Directions for this task: Reproduce the records below exactly as they are written.

━━━ Task material ━━━

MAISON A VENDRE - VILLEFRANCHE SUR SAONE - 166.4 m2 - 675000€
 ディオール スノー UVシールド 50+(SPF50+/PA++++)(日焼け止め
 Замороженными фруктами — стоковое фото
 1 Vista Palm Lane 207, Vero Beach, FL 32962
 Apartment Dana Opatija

━━━

Response to the exercise:
MAISON A VENDRE - VILLEFRANCHE SUR SAONE - 166.4 m2 - 675000€
 ディオール スノー UVシールド 50+(SPF50+/PA++++)(日焼け止め
 Замороженными фруктами — стоковое фото
 1 Vista Palm Lane 207, Vero Beach, FL 32962
 Apartment Dana Opatija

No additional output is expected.